L'umido abbraccio autunnale, pioggia di emozioni recondite, preziosamente custodite tra foreste di antichi ontani. Venti di solitudine, sussurri dolorosi, sfuggenti boccoli biondi di aurea grazia, silenziose giornate illuminate da focolari freddi e spenti.
La malinconia sfavillante arde nei suoni di chitarre dalle tetre distorsioni, le carezze di tastiere nel buio di notti novembrine e gli acustici baci rubati ad estati orgasmiche.
Una voce dagli assurdi connotati narra storie tristi che di melenso nulla posseggono. Gutturalmente rabbiosa a tratti, stempera gli atteggiamenti sguaiati con tonalità tra il leggiadro e il litanioso.
Debordanti aperture sinfoniche danno sfogo alla convulsa bellezza di paesaggi delicati ma profondamente tenebrosi. Il romanticismo dilaniato serpeggia tra i contorni di lande abbandonate al gelo spietato, mentre calano le ombre su serate illuminate da fioche luci soffuse.
Il cantante è solo, piange di rabbia lancinante ma allieta simultaneamente con note di purezza mai dimenticata, ci trascina nel vortice di brezze autunnali, verso parchi silenziosi dove verdi manti erbosi fondono lacrime di brina luccicante in specchi d'acqua dai fodali scuri e fangosi.

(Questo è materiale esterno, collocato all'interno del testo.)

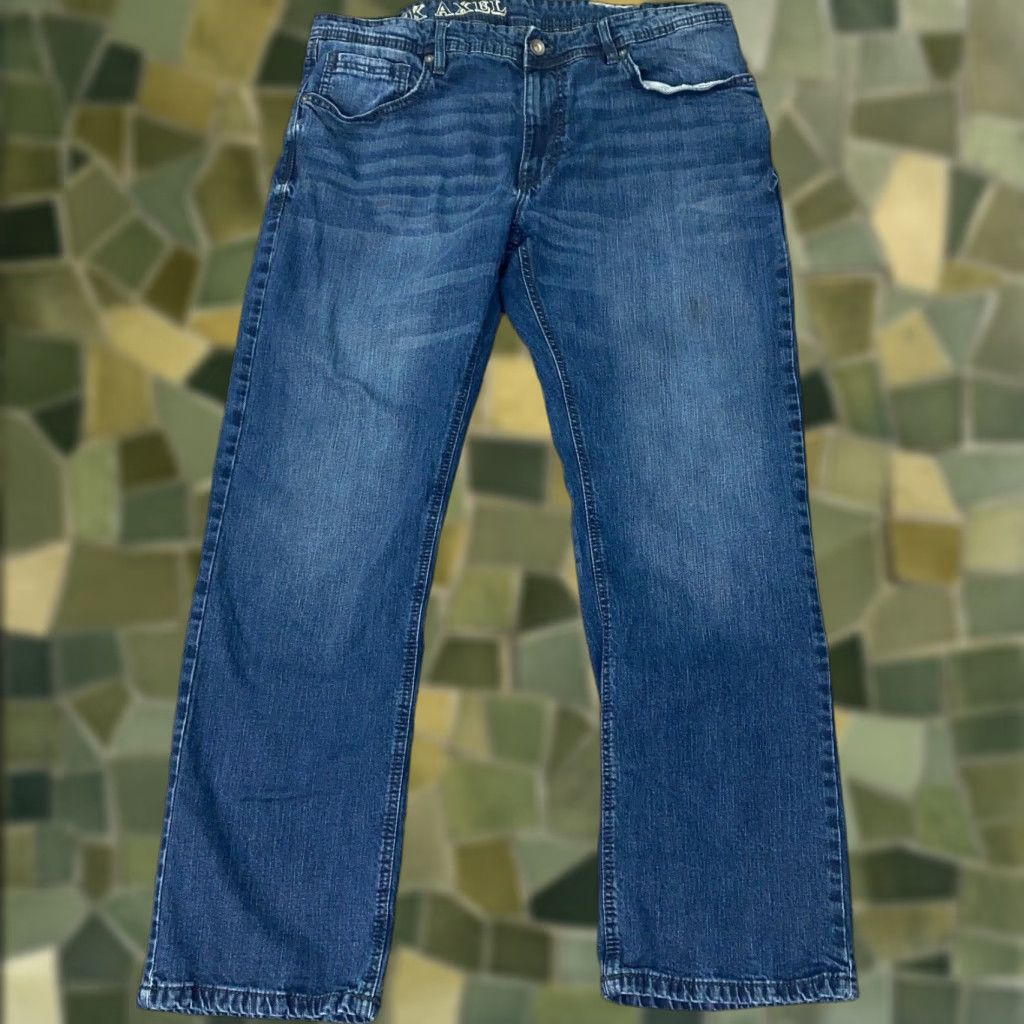 Vintage AXEL Jeans Jeans Relaxed Straight Adult 38x32 Blue Stretch Denim 5-Pocket Mens 38 Regular Blue 90s Preppy Theme Size US 38 / EU 54 - 1 Thumbnail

Suoni metallici schiaffeggiano armonici tappeti melodiosi dolcemente vellutati, prepararano il viandante ad un lungo viaggio, una cavalcata in groppa a bianchi puledri dalle bronzee criniere. Criniere come fluttuanti lingue nebbiose annuncianti l'arrivo della regina dei sogni feriti e delle occasioni perdute, donna a lungo agognata e sempre sfuggente.
Il suo abbraccio apre le porte alla stagione delle nevicate, alla bellezza di terre fulgidamente sospese nel biancore accecante di ghiacciai eterni.
Un ultimo etereo sospiro conduce il viaggiatore al cuore, al centro di un inverno intriso di passioni incontenibili. Lentamente la sorgente delle lacrime si estingue ed i capelli si asciugano. "Ghost reveries" termina nel silenzio.